2017年10月24日火曜日

【書評】古内一絵『風の向こうへ駆け抜けろ』(小学館文庫)

ベタなところがいい


 ぶっちゃけ、ベタなストーリー。でも、そこがいい。昭和の香りの漂う、青春スポーツ小説だ。
 やる気のない厩舎スタッフや、有力馬主の嫌がらせなど、「分かりやすっ」という障壁に立ち向かう新人女性騎手が主人公。しかし、彼女のひたむきさが仲間のやる気を呼び起こし、厩舎は一丸に。そこに一頭の馬も加わり、みんなが一体となって障壁を乗り越えていき、最後には…という、ひと昔前のスポ根マンガのようなストーリーだ。でも、それがいい。
 主人公のひたむきさには、ついつい肩入れしたくなる。しかし、主人公を女性としてではなく、娘として見てしまうのが少し残念だ…。

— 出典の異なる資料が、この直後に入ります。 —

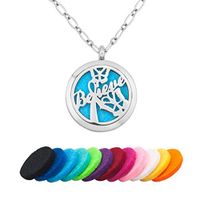 Moonlight Collection Cancer Ribbon Awareness Essential Oil Diffuser Necklace Aromatherapy Pendant - Have Faith and Believe in Yourself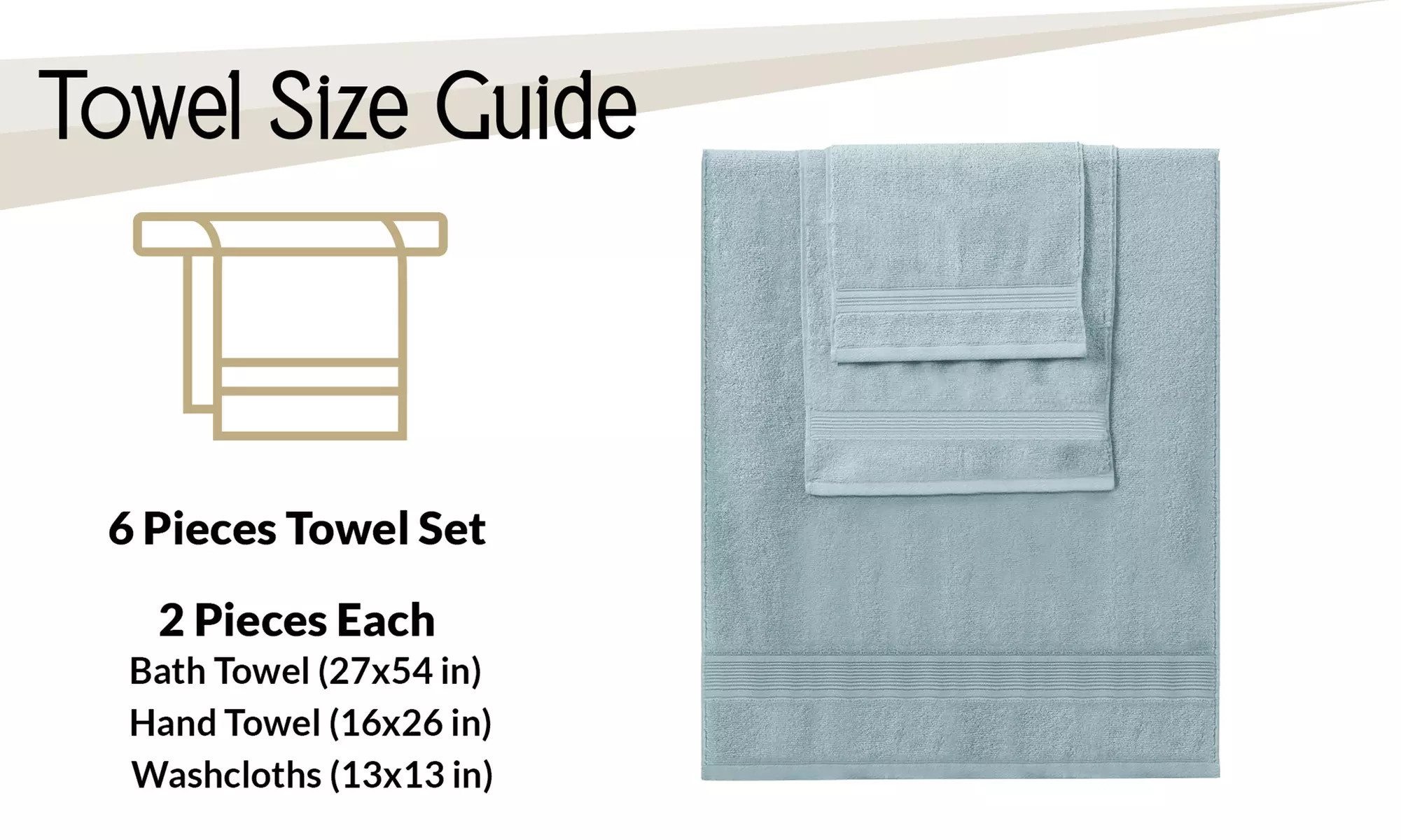 Lux Decor 6 Piece Bath Towel Set, Zero Twist Cotton Towels Soft & Absorbent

 最近、本書のような「ベタ」なストーリーが復活しているような気がする。「アルプスの少女ハイジ」に代表される(?)、「理不尽な障壁をひたむきに、まっすぐ乗り越える」的な昭和風の話が増えているように思うのだ。
 好景気と言われるのに、それが実感できない。そんな閉塞感が、こういう昭和の香りのストーリーを求めさせるのかもしれない。

《あらすじ》
 主人公は地方競馬の新人女性騎手、瑞穂。配属されたのは、全く人気のない競馬場の、全くやる気のない厩舎。調教師もスタッフも、なんの覇気もない。そんなどん底の環境で騎手生活がスタートする。さらには有力馬主の陰湿な嫌がらせにあってしまう。
 そんな状況の下、ついに動いたのがボスの調教師。女性騎手のひたむきさが仲間を動かし、厩舎が一丸となり始める。そこへ加わった競走馬とともに、みんなで障壁を乗り越えていく。そして、ついには中央競馬(JRA)のレースにも出走。その結果やいかに。